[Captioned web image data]
----------------------------------------

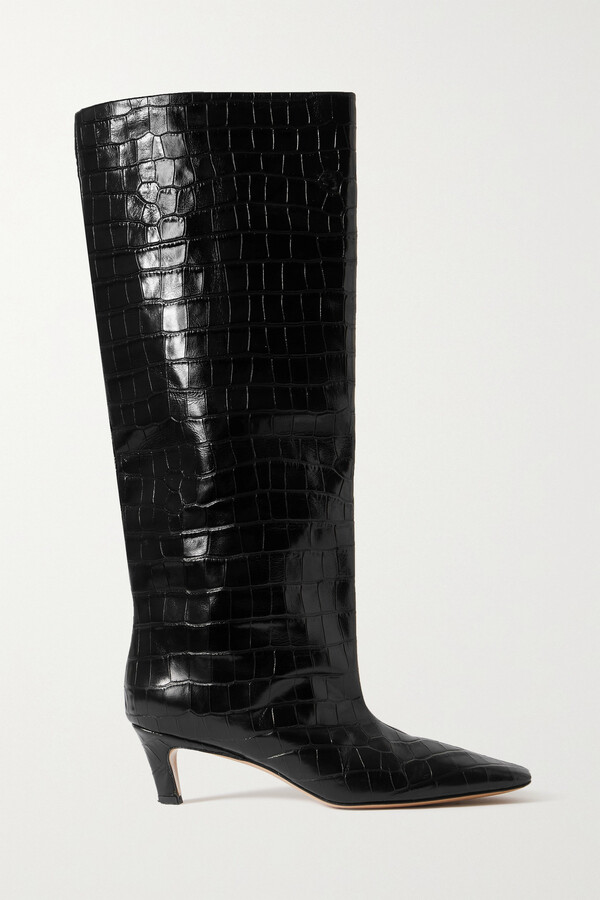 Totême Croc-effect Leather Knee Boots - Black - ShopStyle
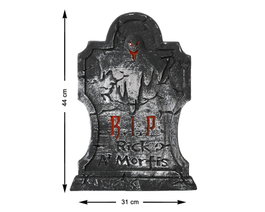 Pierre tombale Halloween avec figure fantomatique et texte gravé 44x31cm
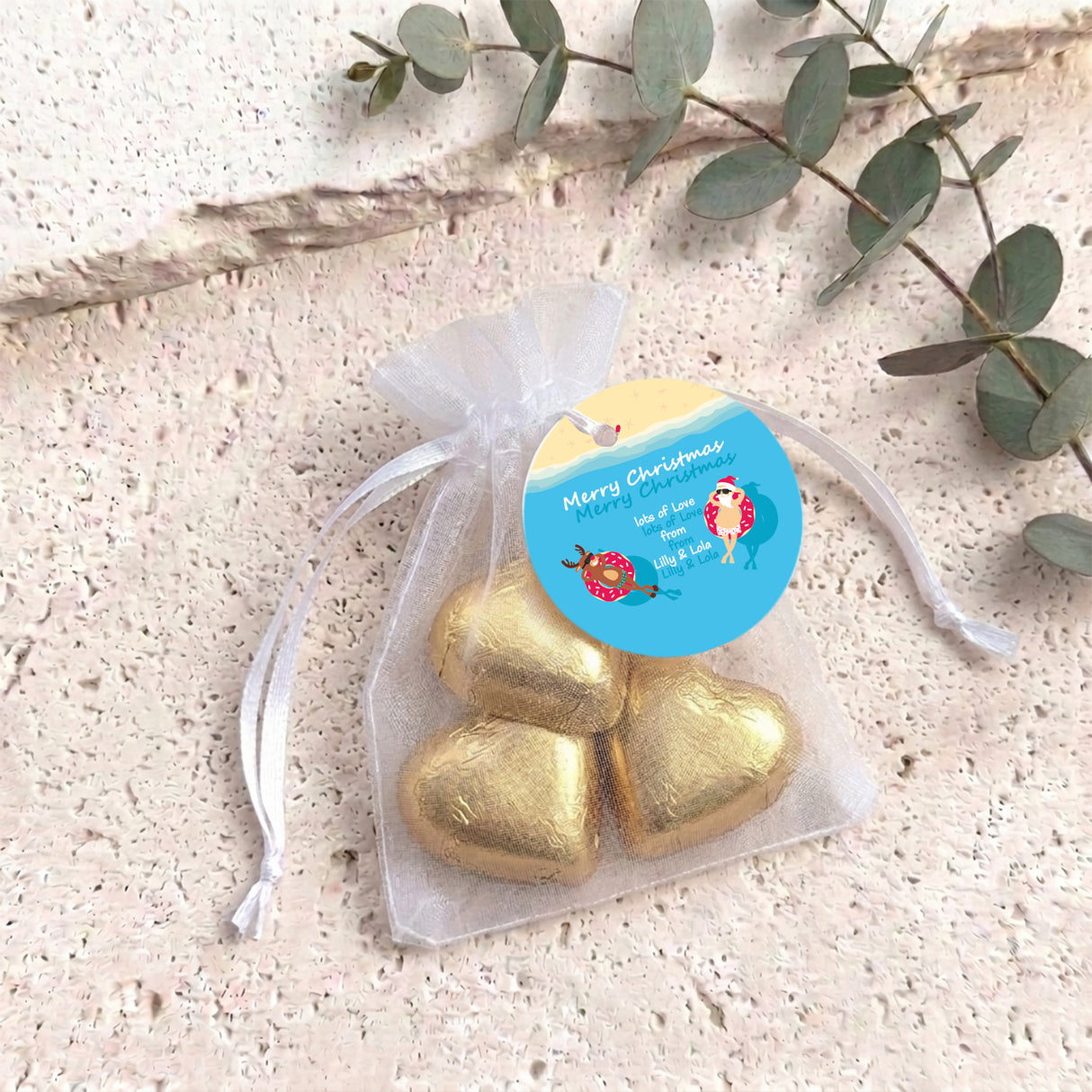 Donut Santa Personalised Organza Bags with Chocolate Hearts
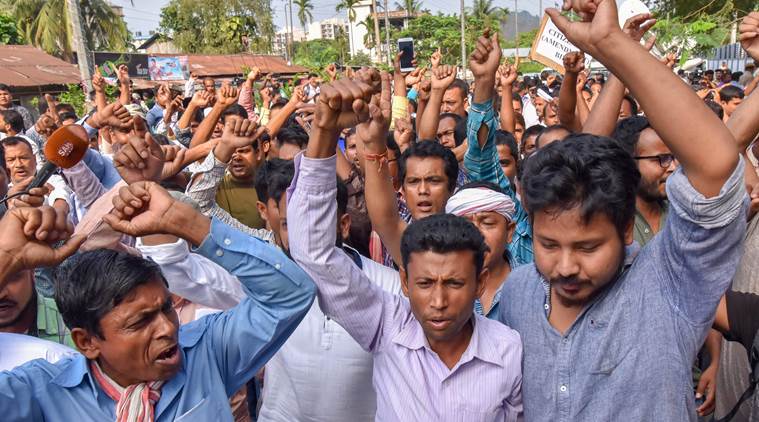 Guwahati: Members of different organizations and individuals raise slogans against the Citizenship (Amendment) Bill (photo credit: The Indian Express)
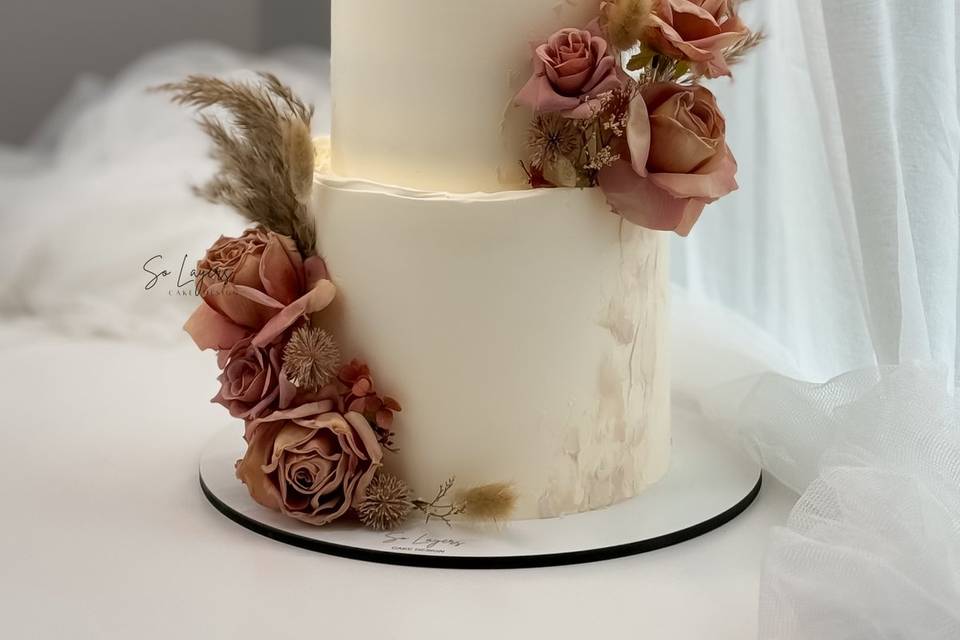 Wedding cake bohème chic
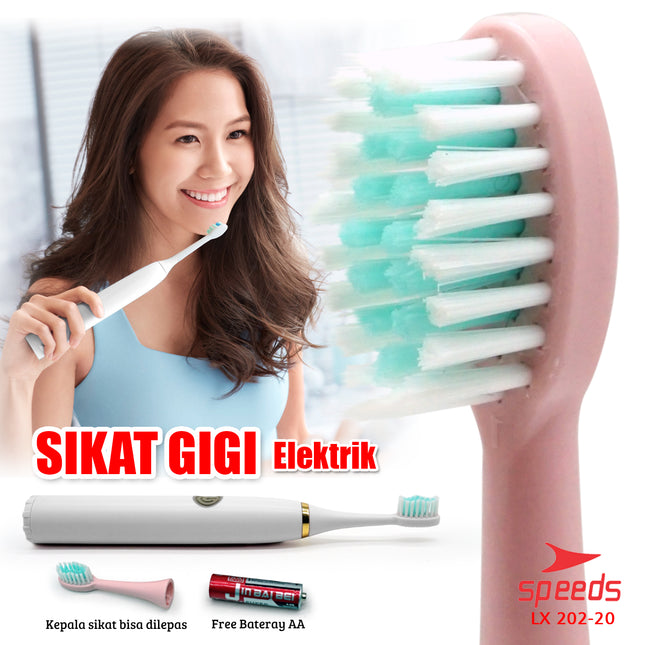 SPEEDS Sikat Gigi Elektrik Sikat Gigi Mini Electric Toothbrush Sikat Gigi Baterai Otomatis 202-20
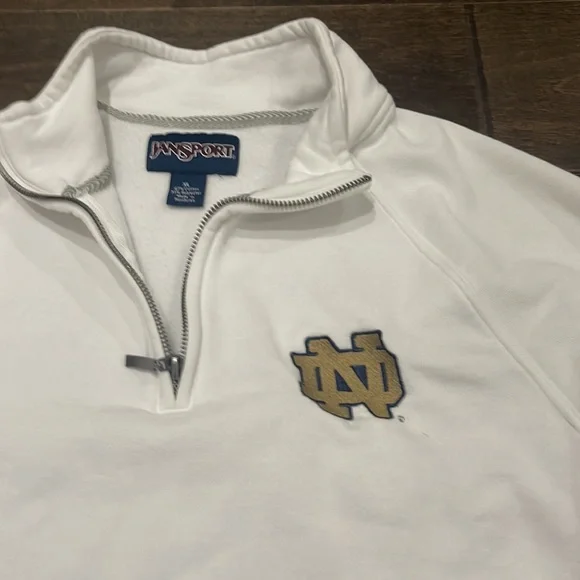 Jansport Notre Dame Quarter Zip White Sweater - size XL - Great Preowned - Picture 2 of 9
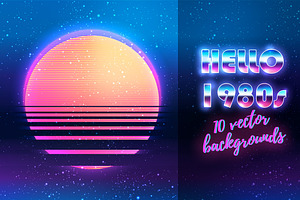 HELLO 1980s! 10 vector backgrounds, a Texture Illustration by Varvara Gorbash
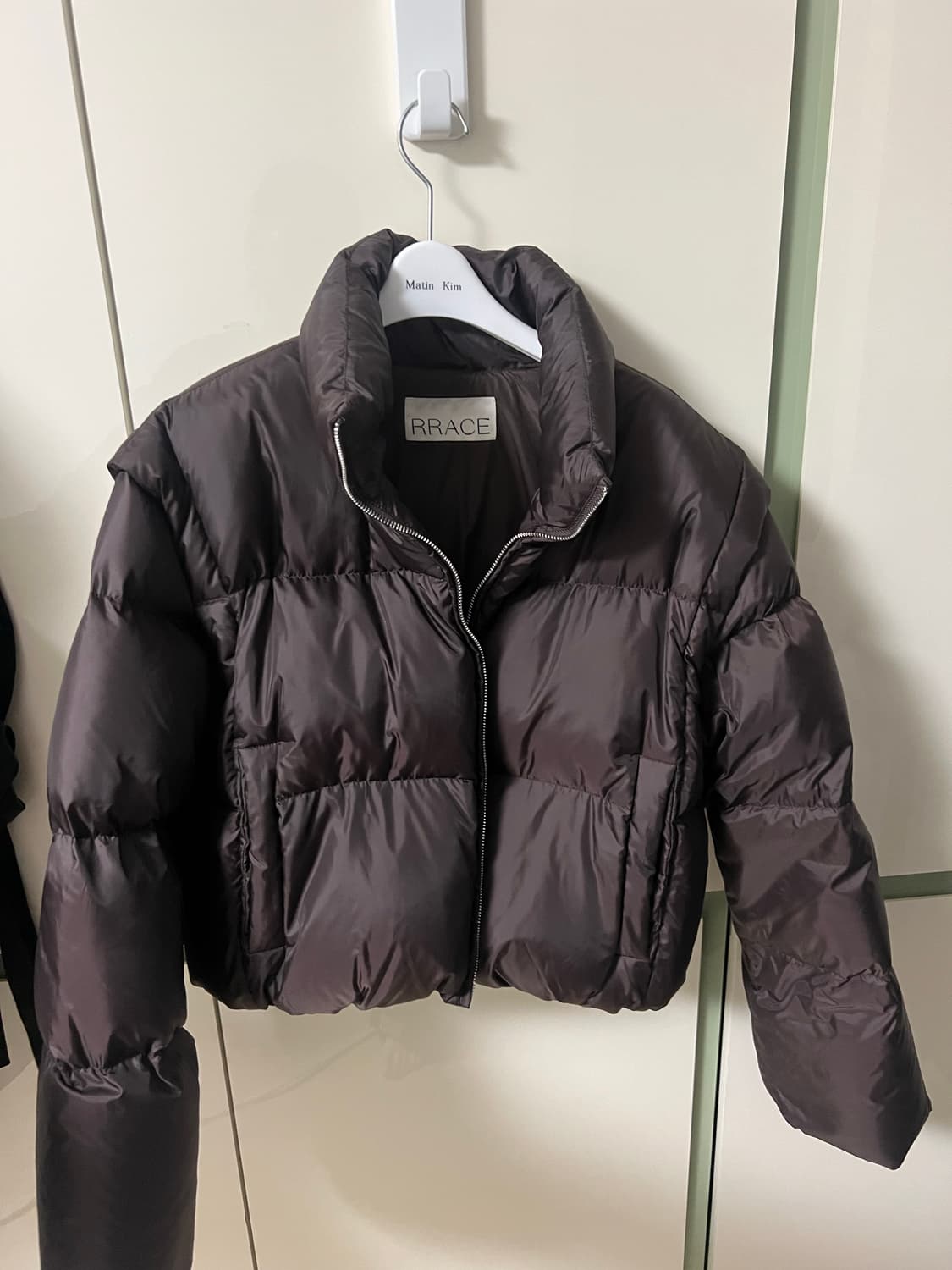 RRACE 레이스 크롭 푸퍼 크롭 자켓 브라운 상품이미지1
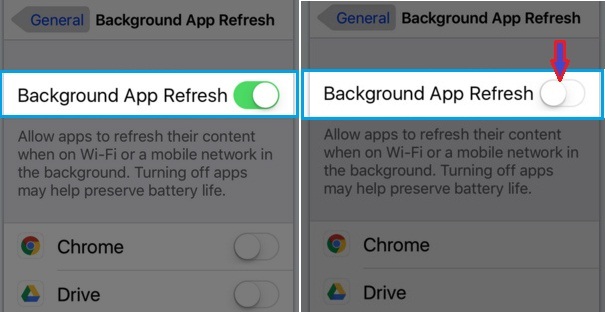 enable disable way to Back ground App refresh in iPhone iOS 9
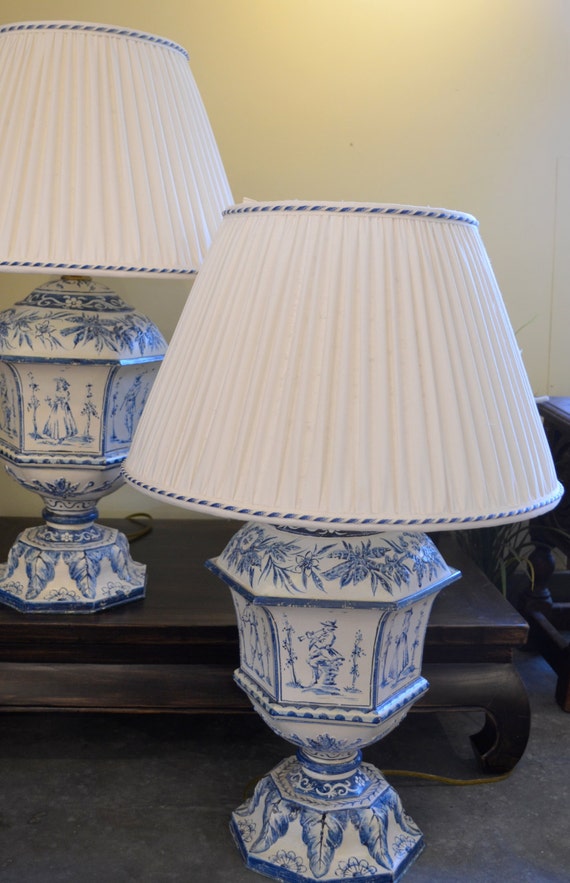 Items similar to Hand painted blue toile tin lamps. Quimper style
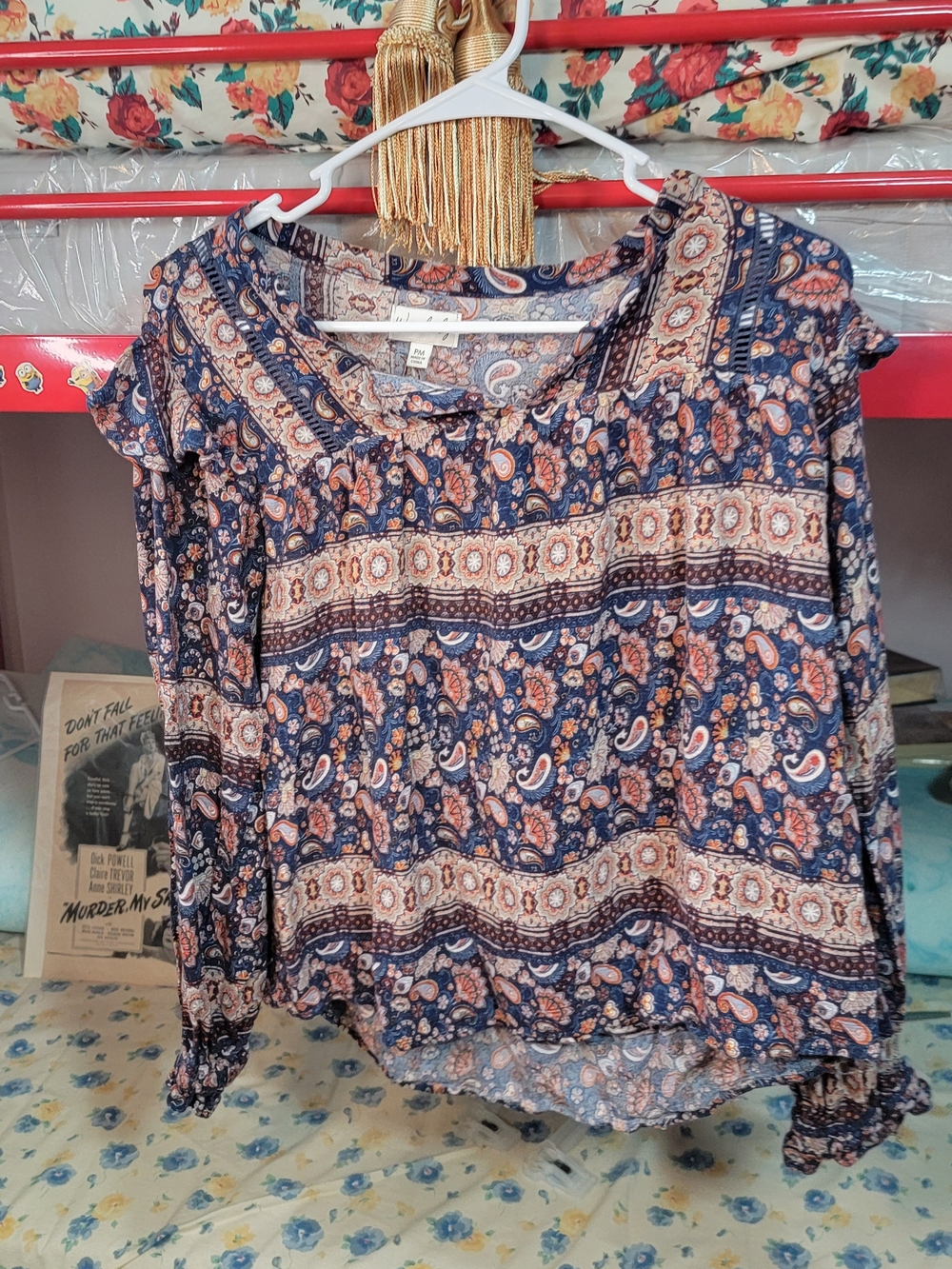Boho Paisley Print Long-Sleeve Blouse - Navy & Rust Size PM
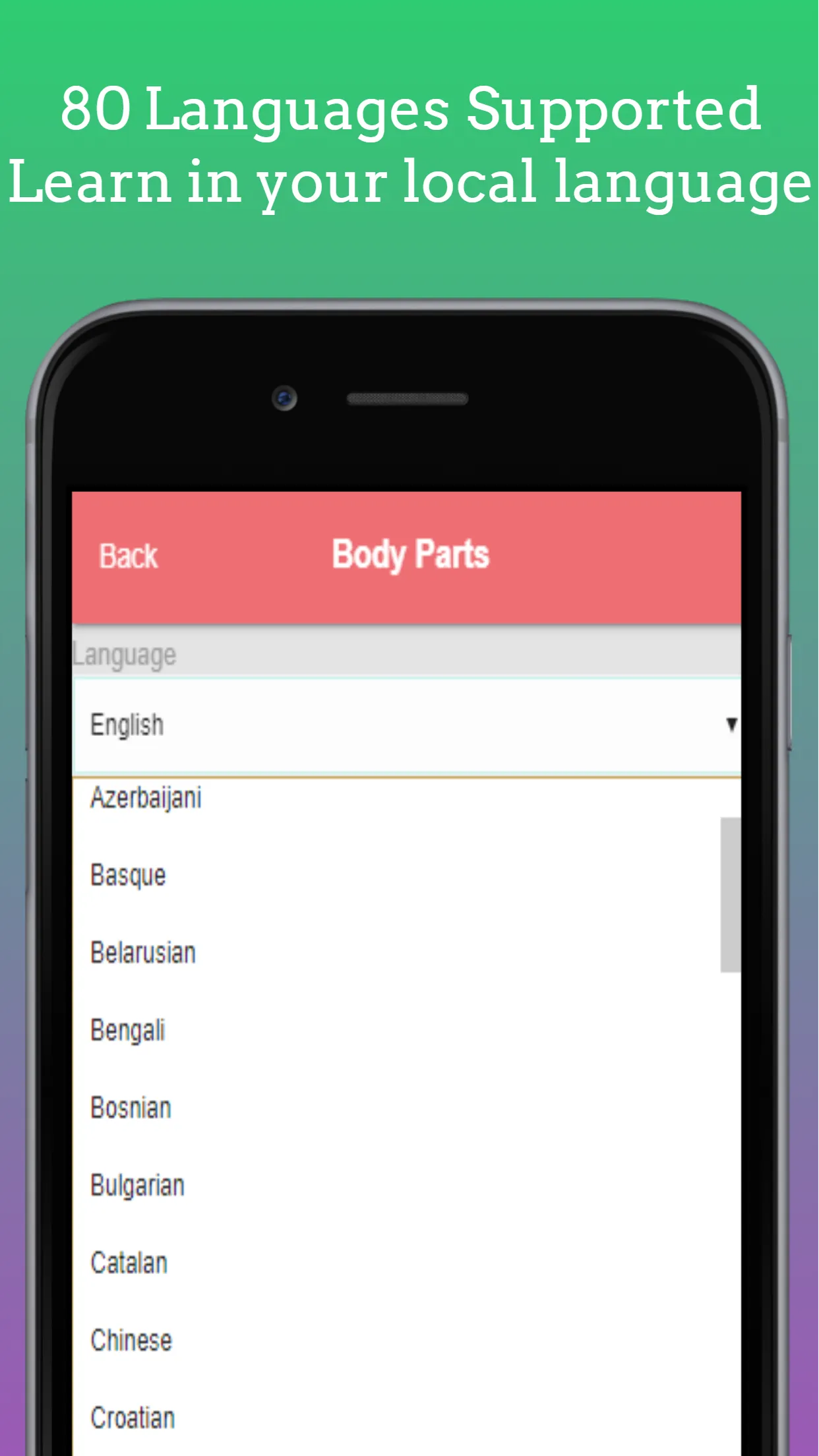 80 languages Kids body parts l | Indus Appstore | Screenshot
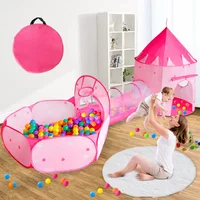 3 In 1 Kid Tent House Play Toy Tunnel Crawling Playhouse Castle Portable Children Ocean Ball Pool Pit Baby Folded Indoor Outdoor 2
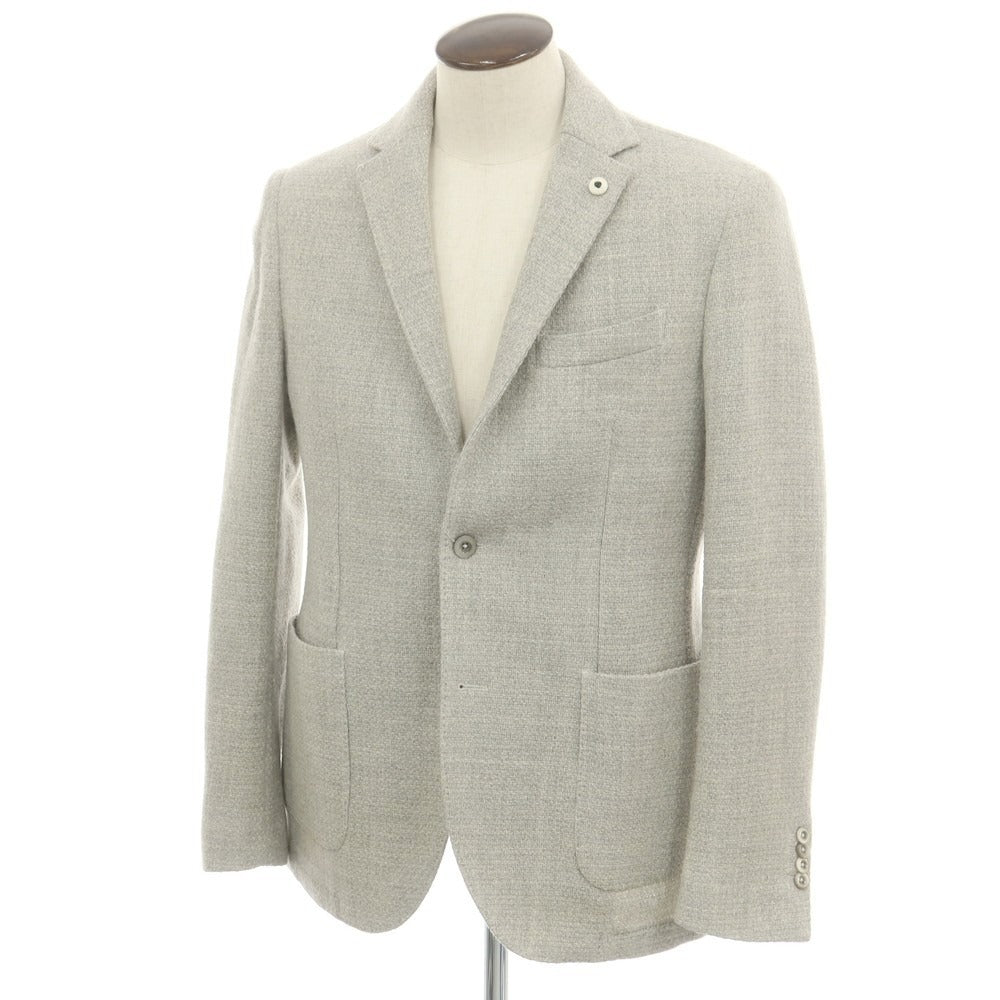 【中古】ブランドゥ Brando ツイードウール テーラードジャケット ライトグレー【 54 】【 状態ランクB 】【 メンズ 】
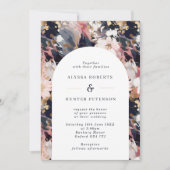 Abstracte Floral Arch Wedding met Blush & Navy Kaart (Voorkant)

----------------------------------------

EXERCISE PROMPT => Copy exactly the lines that run from the line containing "enable disable way" to the end of the data, keeping both end lines and dropping every picture.

EXERCISE ANSWER =>
 enable disable way to Back ground App refresh in iPhone iOS 9
 Items similar to Hand painted blue toile tin lamps. Quimper style
Boho Paisley Print Long-Sleeve Blouse - Navy & Rust Size PM
 80 languages Kids body parts l | Indus Appstore | Screenshot
 3 In 1 Kid Tent House Play Toy Tunnel Crawling Playhouse Castle Portable Children Ocean Ball Pool Pit Baby Folded Indoor Outdoor 2
 【中古】ブランドゥ Brando ツイードウール テーラードジャケット ライトグレー【 54 】【 状態ランクB 】【 メンズ 】
 Abstracte Floral Arch Wedding met Blush & Navy Kaart (Voorkant)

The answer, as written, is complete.